Triste "marque France".
C’est l’expression du moment. Le remède à la crise. La panacée nationale. L’Austerlitz de la pensée marketing. A croire que nous ne savions rien, attendant sans le savoir la révélation ultime des petits génies de la communication parisienne, prêts à sauver notre pays du désastre entre un after poudré à la Concrete et une séance de muscu au club Med gym République. Et dire que nos économistes s’ennuyaient encore à débattre des bienfaits de leurs modèles, sans se douter de la solution miracle bientôt approuvée dans les salons ministériels, et enfin livrée au bas peuple absurdement dubitatif, comme devant toute grande avancée de l’histoire par ailleurs : la « marque France. »
Ah, que l’idée était belle ! Comme on la remerciait cette cohorte de jeunes hommes à la barbe de trois jours ayant accouché de la brillante trouvaille ! De vrais héros, relayés par de triples buses. Et il fallait les voir ceux-là, engoncés dans leurs mal être sondagier, penauds de huit mois d’annonces malheureuses, tout fiers de sortir ce lapin incongru de leur chapeau. Les beaux ministres que nous avions là ! Huit ans d’étude pour en arriver à ce point. Science po, l’ENA, des concours tout le tour du bras, administrateurs de l’assemblée ou du Sénat, députés des années durant, maires, conseillers généraux, que sais-je encore…
Et l’on se fendit même d’un site, afin de demander son avis au bon peuple. En guise d’incipit, la phrase suivante : « Participez à la construction d'un récit économique pour notre pays en répondant à une consultation sur la marque France. » Et pourquoi pas ? Si Laurence Parisot avait gagné la palme il y a quelques années en déclarant que dans un monde où tout était précaire, « même l’amour », elle ne voyait pas pourquoi le travail ne le serait pas lui aussi, rien n’empêchait notre gouvernement de procéder à un même type de syllogisme : Dans un monde où tout s’achète, pourquoi laisser la nation en dehors du grand champ économique ?
La France et ses trésors, ses châteaux et ses peintres, ses auteurs, sa culture urbaine, sa gastronomie et ses paysages, ses révolutionnaires, ses philosophes et ses penseurs : tous en rang derrière la « marque France ». Sartre, NTM, Francois Villon, Maurice Chevalier et la Mano Negra, pareil ! De Lascaux à Daft Punk en passant par les très riches heures du Duc de Berry, la conquête de l’Amérique et la colonisation.

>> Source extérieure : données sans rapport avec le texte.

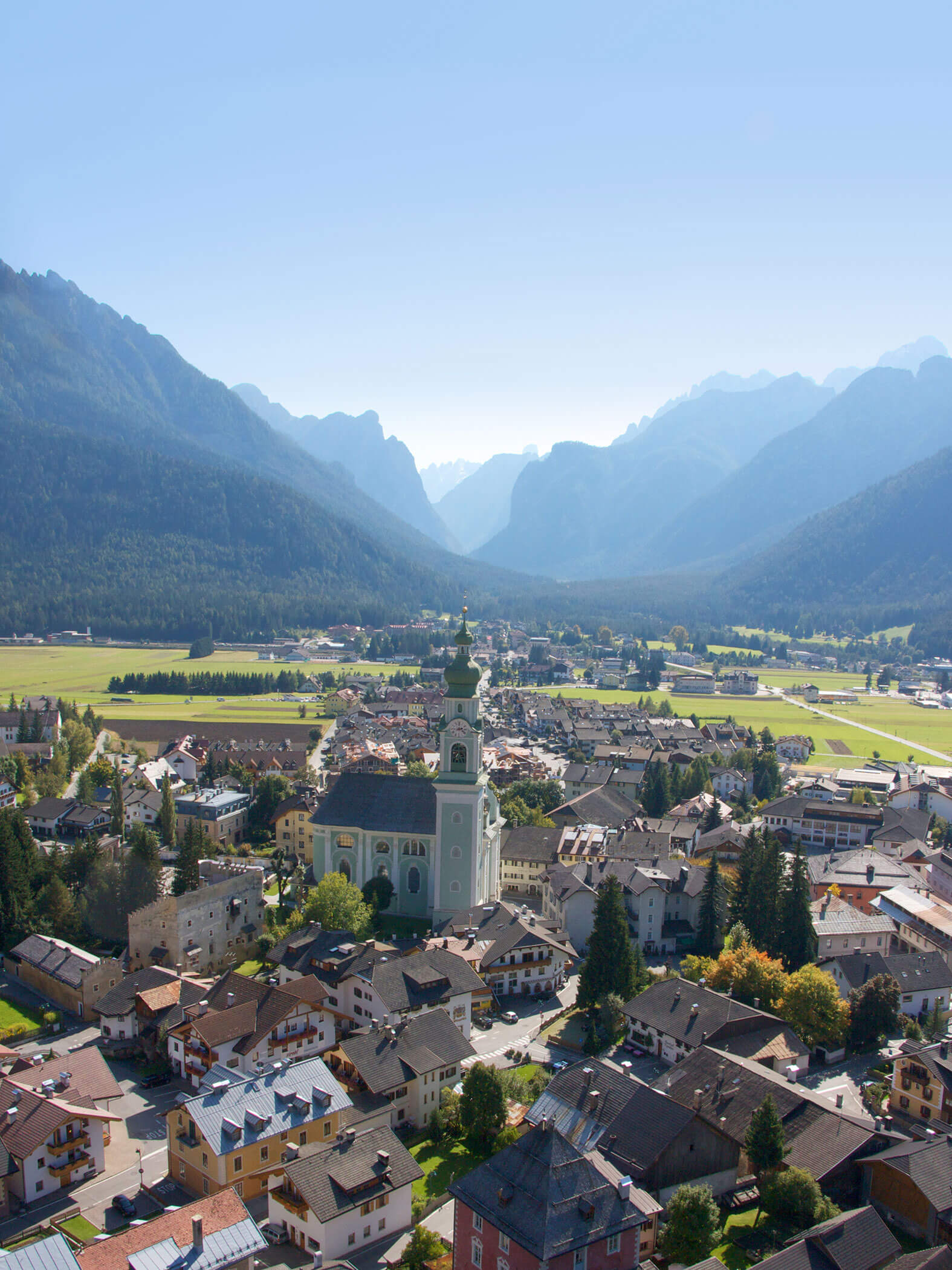 Foto da drone del paese di Dobbiaco con la chiesa in estate - Residence Kurze Wand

La grandeur et la décadence dans le même panier, pour finir de faire du pays un musée. Les bourgeois de Calais, Alesia et la rue Lauriston, tous ensemble ! Vivement les produits dérivés officiels, la série et ses spin-offs, la peluche Marianne au rayon “République” de nos supermarchés.

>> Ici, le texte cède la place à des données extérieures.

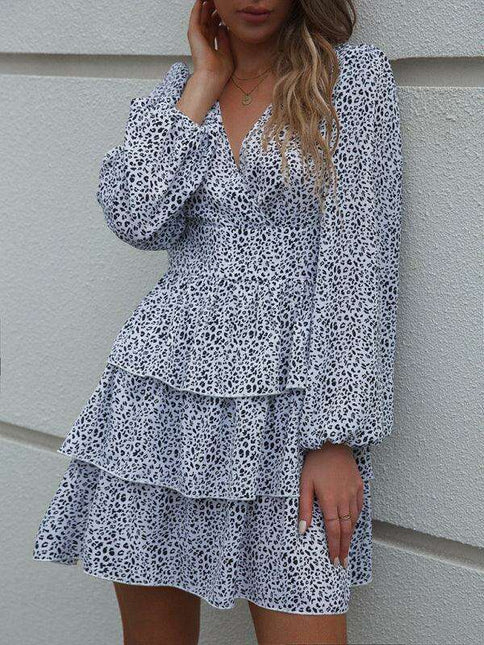 Charming Polka Dot V-Neck Dress with Puff Sleeves and Waist-Defining Style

Pendant ce temps-là, dans le pays réel, loin des délires des communicants, de petites entreprises au savoir-faire parfois plusieurs fois centenaire mettent la clé sous la porte, faute souvent de soutien des banques ou de compréhension de leurs problèmes spécifiques par l’Etat. A défaut d'idées révolutionnaires pour sortir notre pays de la crise, celui-ci ferait donc mieux de s’intéresser au maintien de ce tissu économique devenu substantiel dans notre pays, mais qui fait plus pour sa réputation que n’importe quel plan de communication à 25 ans.
Il y a quelques mois, l’un de nos fournisseurs, la société "Faglin", dernière entreprise française à maîtriser le processus de fabrication traditionnel des boutons de manchette, a ainsi fermé dans l’indifférence générale, emportant son savoir-faire et ses vieilles ouvrières avec elle. Mais que tous se rassurent : dans le cadre de la réflexion sur la « marque France », le ministère de l’Industrie vient de proposer de faire évoluer le label « entreprise du patrimoine vivant », auquel sont rattachés plusieurs de nos fournisseurs, en « Meilleur entreprise de France. » Nous sommes sauvés.